This column is supposed to be about Ireland and the EU so I may be taking a liberty in writing about the Euro 2020 soccer tournament currently taking place across Europe. As you probably know, Ireland didn’t qualify and lots of teams that did qualify are not even in the EU. Apologies if I am straying beyond my remit. Soccer has always been my sport having played junior soccer for many years and coaching adult teams and kids’ teams. I should therefore be more excited by the Euros. Soccer is in my family on my father’s side for generations. The recent growth of Gaelic games in Dublin coincided with the availability of decent jobs in the capital for people from all over Ireland in the 1990s who would otherwise have had to emigrate. They brought their passion for Gaelic football and hurling with them. Some of you will know that my grandfather was Todd Andrews who was part of the revolutionary generation 100 years ago and went on to run Bord an Mona and CIE. Less well known was his younger brother Paddy Andrews. Paddy was a ‘Corinthian’ of the old style excelling in discus, shot-putt, tennis, Gaelic football and athletics.
But he was best known as a soccer player captaining Bohemians FC in the 1930s. He also earned one cap for Ireland in a match in 1935 against the Netherlands. We lost 5-3. On neither side of my family is there any tradition of participating in Gaelic games. My grandfather was quite dismissive of Gaelic football which he considered a primitive game, the rudiments of which he described as catching, kicking and fighting. My father David, was a decent player and was part of the first UCG team to win the Collingwood Cup in 1955. In later years he was involved with UCD soccer club, going on the famous trip to China in 1976 (curtailed due to the death of Chairman Mao) and welcoming the FAI Cup winning team to Leinster House in 1984 (picture attached). I still love the game although diving and feigning injuries totally switches me off. It’s the one apsect of the game that I cannot abide and is particularly prevalent in soccer. I think I can trace my disillusionment back to the Euros in 2004 and to one player in particular; Deco from Portugal. He was the Neymar of his day, rolling around like he’d been shot. That summer I had the good fortune to be at the Munster hurling final between Waterford and Cork in Thurles. Far from being a primitive game, the skill level and passion for the jersey was unreal (as they say in Waterford). Aficionados will remember the game for John Mullane’s red card and his emotional ‘I love me county’ interview afterwards. My best memory of that game was Ken McGrath’s fielding of a high ball in the last minute drawing a match-winning free. It was an antidote to the cynicism of the brand of soccer being played at that time at the highest level. The 2020 Euros so far have been pretty good. The new style of playing the ball out from the back is a far cry from the (primitive) long ball game of yesteryear. And nothing gives me greater pleasure than to see players getting yellow cards for blatant dives or dissimulation.

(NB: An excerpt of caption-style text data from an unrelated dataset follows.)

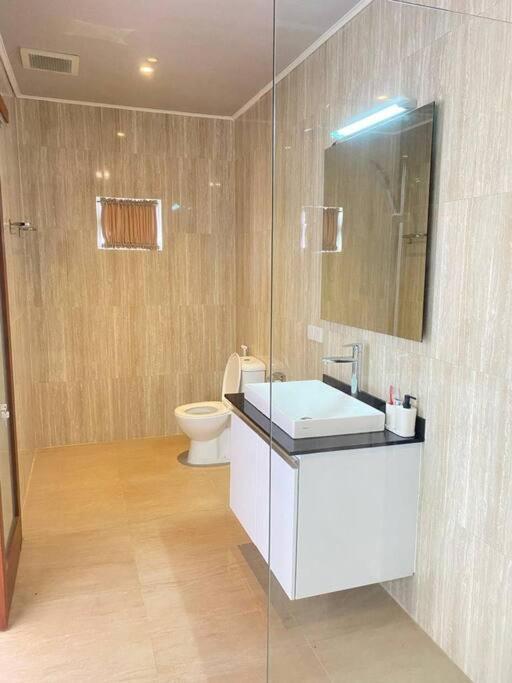 Villa Akmali Umalas 2Br With Private Pool & Jacuzzi Canggu Dış mekan fotoğraf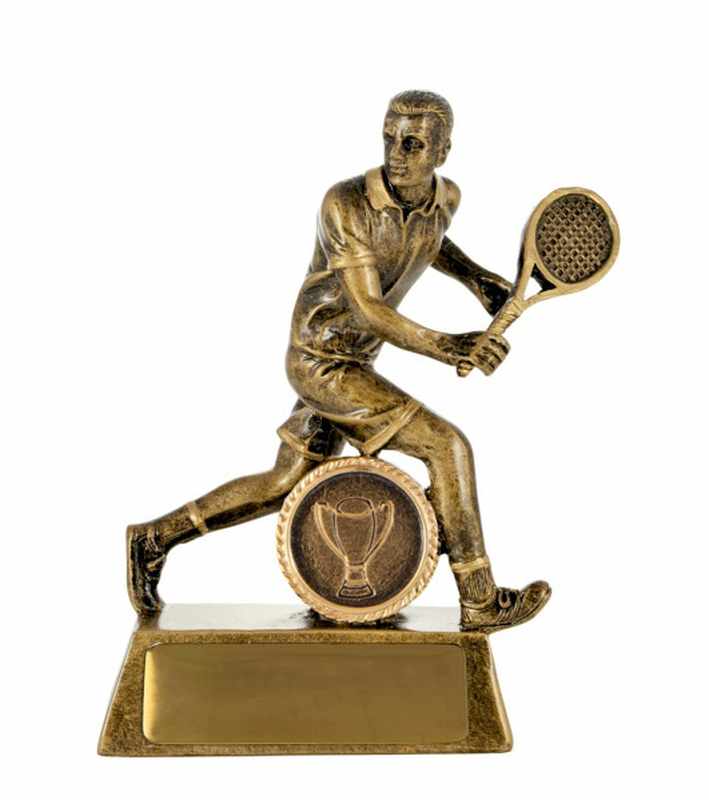 Tutti gli eroi d’azione – Tennis maschile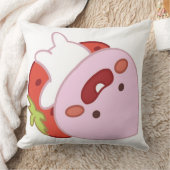 Coussin Apeach (Couverture)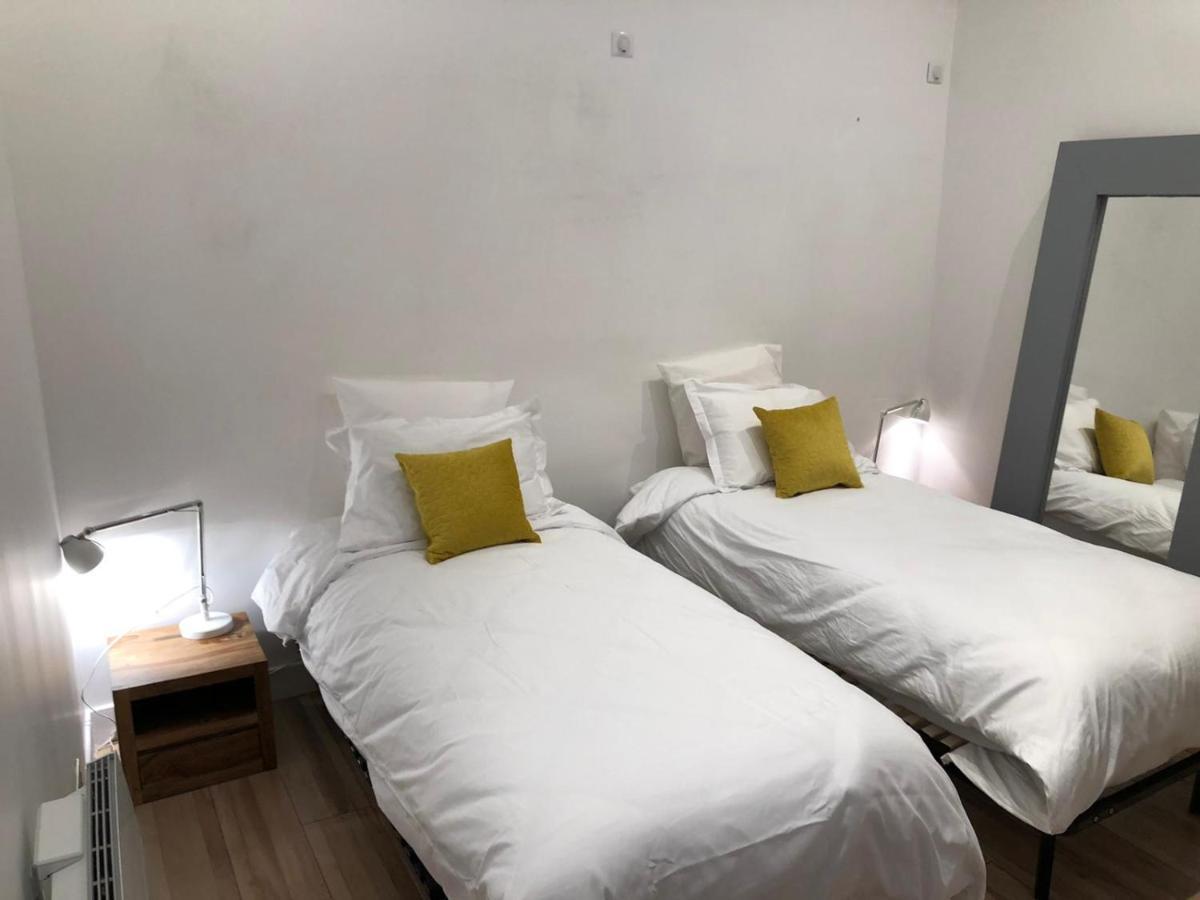 Suite Appart Place Versepuy Шантили Екстериор снимка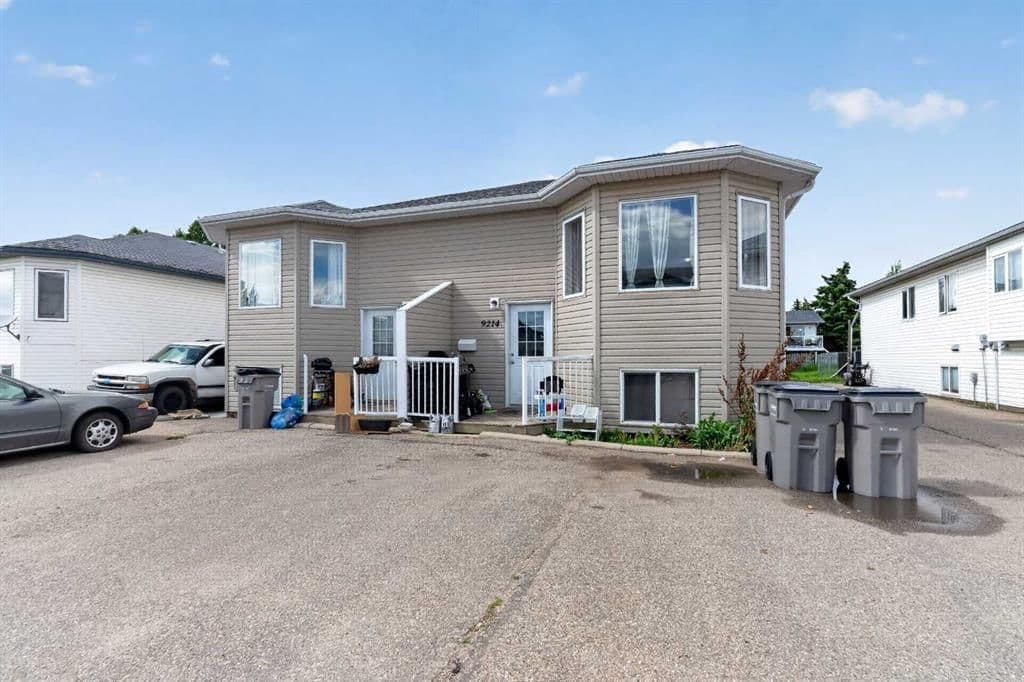 Sold property in Smith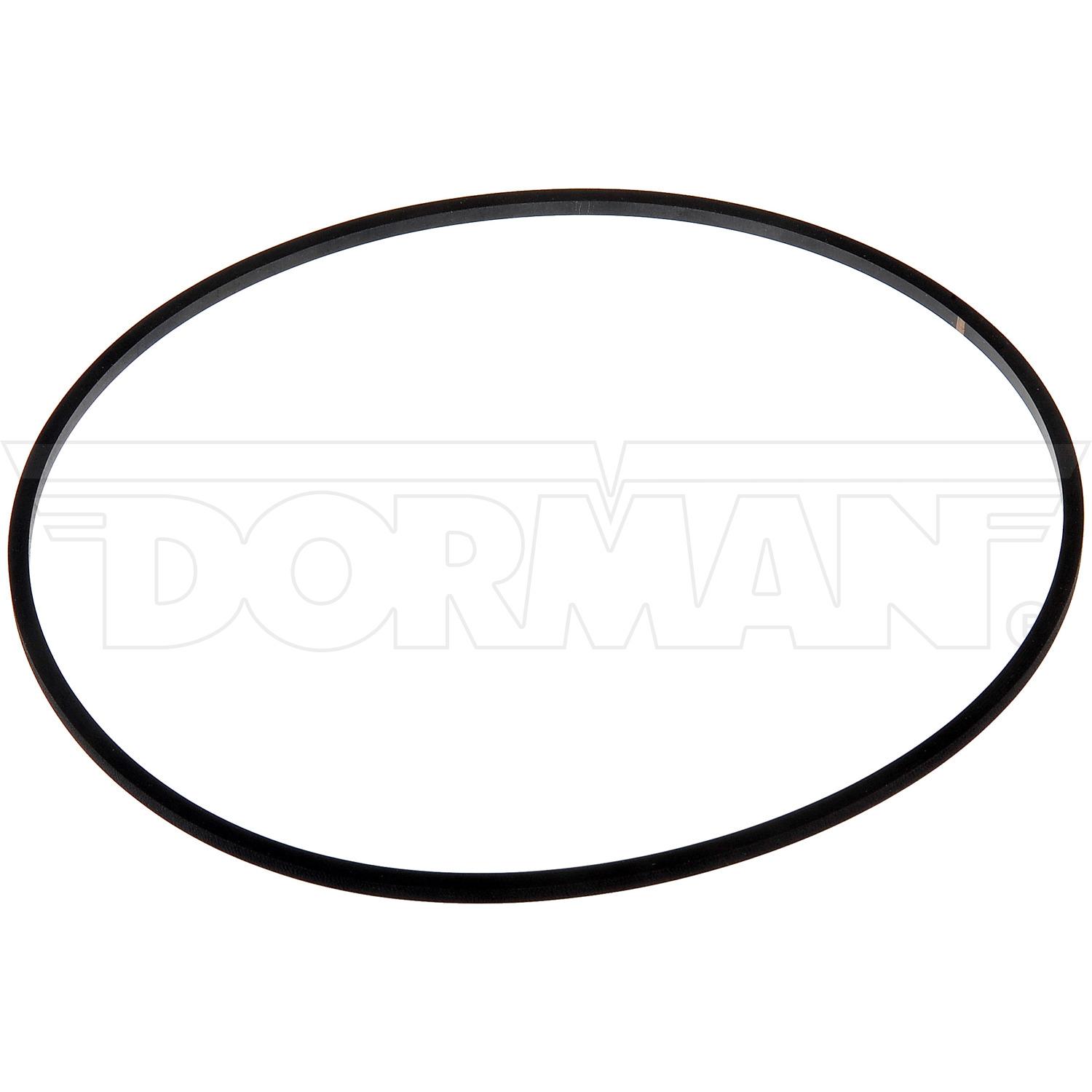 Dorman 926831 - Transfer Case Adapter Seal Dorman 926831 Transfer Case Adapter Seal product image 4 of 4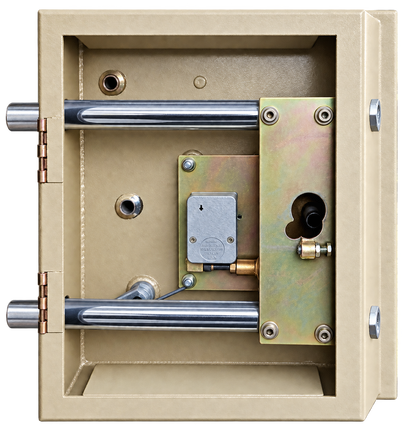 Pre-Used Chubb Deposit Safe No. SG71 - Additional 1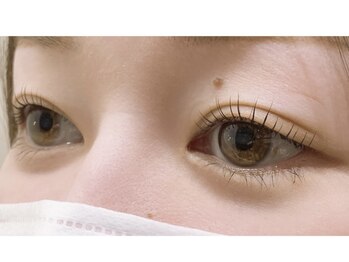 A&A 小山VAL店/まつげパーマ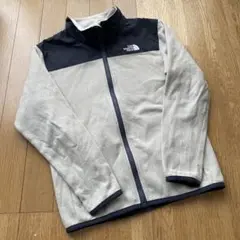 THE NORTH FACE フリースジャケット 150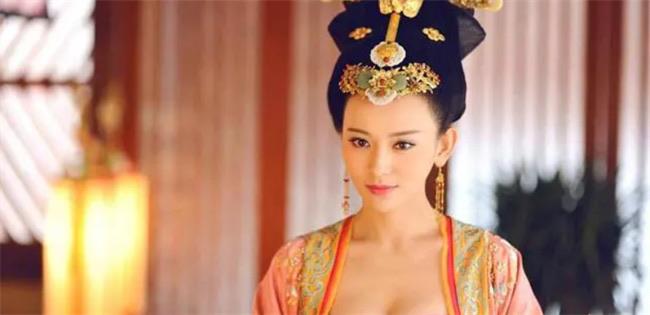 历史武昭仪的心机多深 把还在襁褓中的女儿杀死嫁祸于王皇后2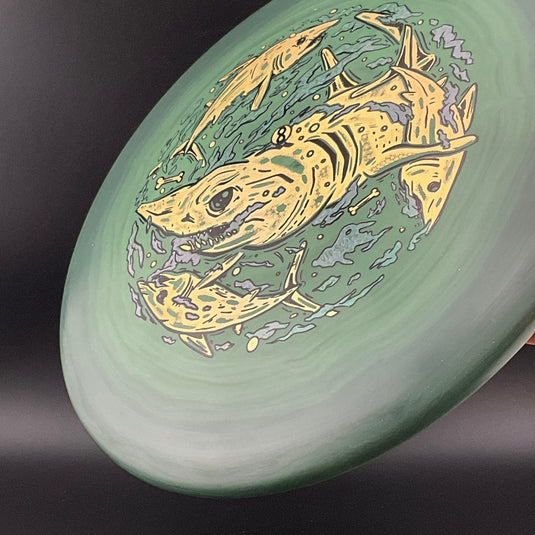 Swirly Star Mako - Limited VIP Series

Finally, we can’t proceed without mentioning ‘taking the knee’. Of course, there will come a time when it no longer has any impact. I don’t believe we are there yet and that Hungarian fans booing the Irish soccer team for doing so is a disgrace. This is particularly so as Ireland is now fielding a number of first and second generation players of African extraction.
I know that my granduncle Paddy Andrews would have been delighted to see the game he loved contributing to the integration of new communities in Ireland.